En début d’année, le congrès péruvien, sous la houlette des futurs responsables du coup d’Etat, a voté comme un seul homme une loi scélérate qui apporte l’immunité totale aux forces de l’ordre dans l’exercice de leurs fonctions. Et bien au-delà. Samedi, les rambos surarmés, aux ordres des chefs de la police et donc de Merino, se sont rappelés aux bons souvenirs des congressistes. En s’en donnant à haine déployée contre le peuple, en faisant usage d’un arsenal répressif qui rappelle les heures sombres de l’Amérique latine. Et donc aussi du Pérou ! Y compris en utilisant des d’hélicoptères pour lâcher et déverser leurs gaz lacrymogène et autres projectiles sur la foule.

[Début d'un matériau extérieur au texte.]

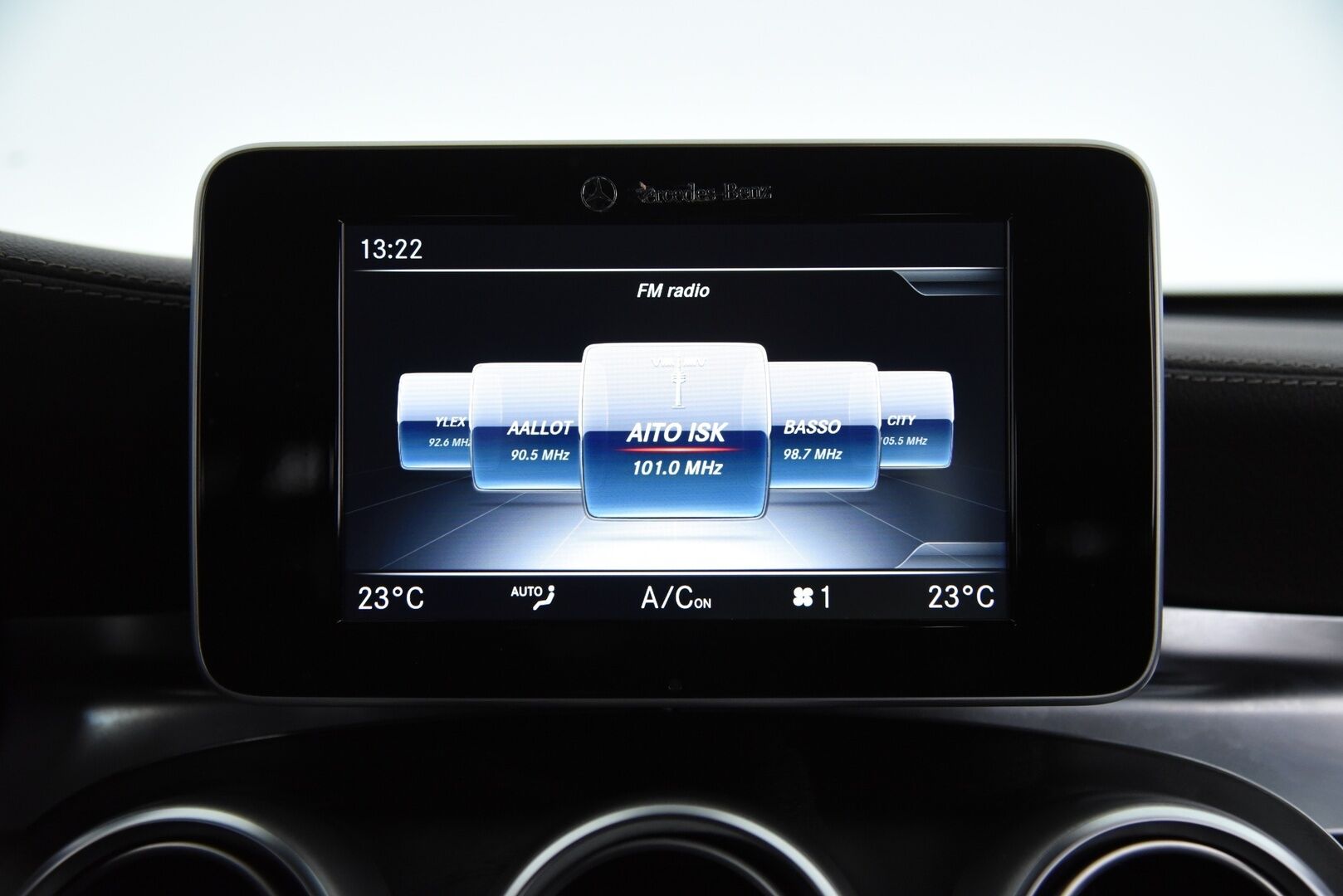 Mercedes-Benz GLC 2018 350 e 4Matic A Premium Business / YritysOutlet - Myydään vain yrityksille - YritysOutlet - Myydään vain yrityksille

Des dizaines de policiers en civils marchaient en outre avec les manifestants afin de contribuer « en vivo y en directo » à la répression. Et opérer les arrestations.

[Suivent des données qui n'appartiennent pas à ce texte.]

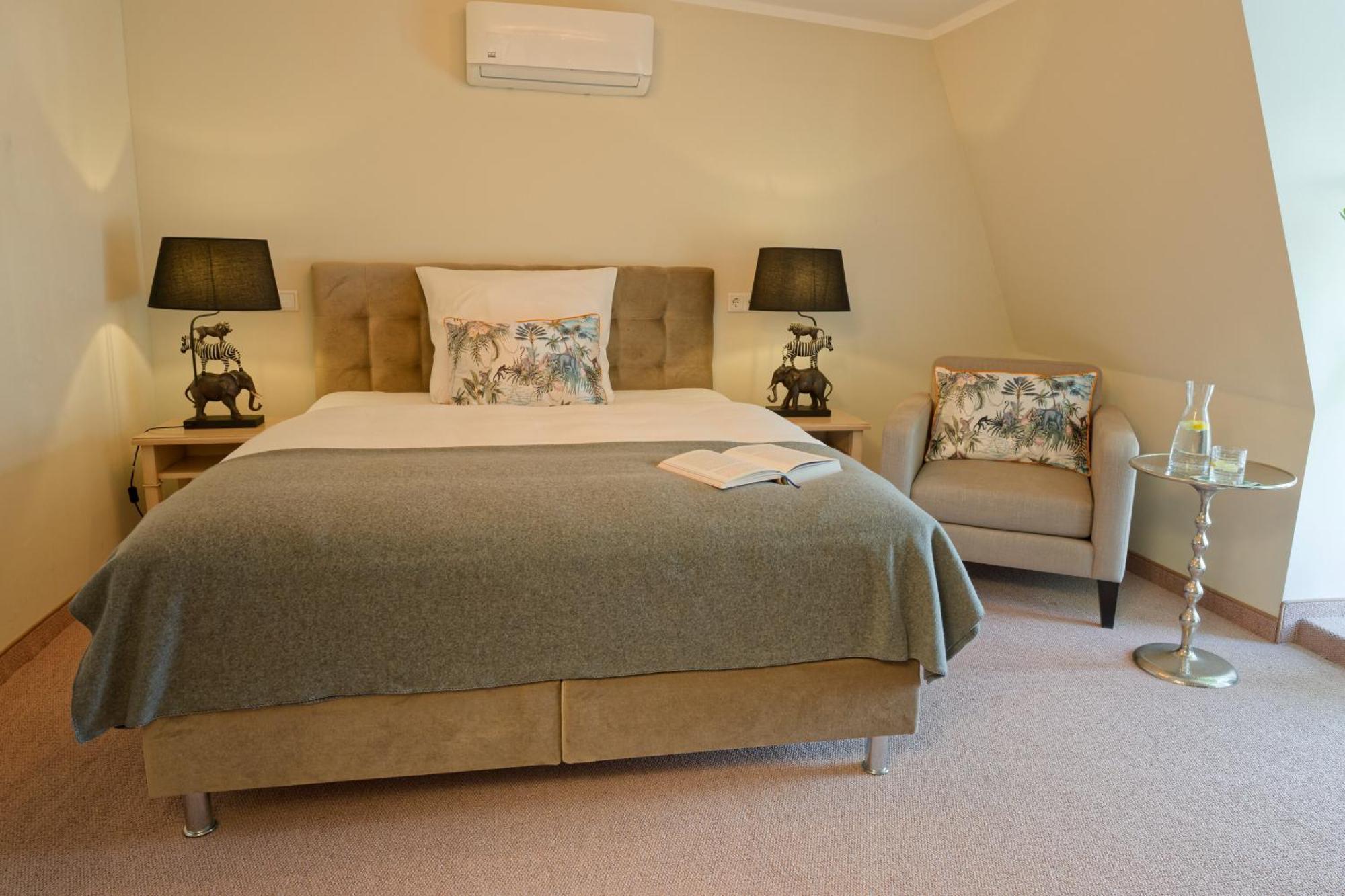 Comfort Queen Room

Sur les pancartes brandies par la jeunesse du Pérou, s’inscrivait la mesure de leurs déterminations contre le président usurpateur Merino : «Merino, tu n’es pas mon président», «Merino imposteur», «le Pérou s’est réveillé». Samedi, peu avant que soient envahies les rues du pays, Merino et son premier ministre Antero Flores-Arao avaient mis sur le compte du désœuvrement la mobilisation des jeunes.
Reste que le vent du boulet, dans la foulée de ces violences policières, a provoqué une onde de choc supplémentaire dans le pays au point que sept des 18 ministres de Merino ont annoncé leur démission. Tout comme de nombreux gouverneurs de régions. Les « rats » quittent le navire. Réagissant à la répression, le nouveau président du Congrès, Luis Valdez, a demandé sur les ondes de la TV N la démission de Merino: « Je demande à M. Merino d’envisager sa démission immédiate ».

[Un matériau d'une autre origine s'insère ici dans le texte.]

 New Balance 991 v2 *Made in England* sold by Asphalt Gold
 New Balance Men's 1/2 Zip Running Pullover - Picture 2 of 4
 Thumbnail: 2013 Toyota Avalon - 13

Un avis que ne peut plus faire autrement de partager le maire de Lima, Jorge Muñoz, qui appartient pourtant au même parti Action Populaire que Merino.
Depuis le début des protestations quelque 30 journalistes qui couvrent les événements ont été blessés par la police nationale, selon l’Association péruvienne des journalistes. Un imprimeur qui avait fait imprimer gratuitement des milliers d’affiches destinées aux manifestants a quant à lui été arrêté par la police. A noter que sur les 130 congressistes de l’actuel congrès, 68 sont actuellement poursuivis dans des procédures judiciaires ouvertes contre eux. Le seul Edgar Alarcon, l’une des principales têtes des putschistes a, à lui seul, 36 procès ouverts à son encontre.
Human Rights Watch, la commission péruvienne de la « defenseria del pueblo » et d’autres organisations s’étaient inquiétés de la répression démesurée de la police bien avant le déchaînement de violence des forces de l’ordre, samedi 14 novembre 2020.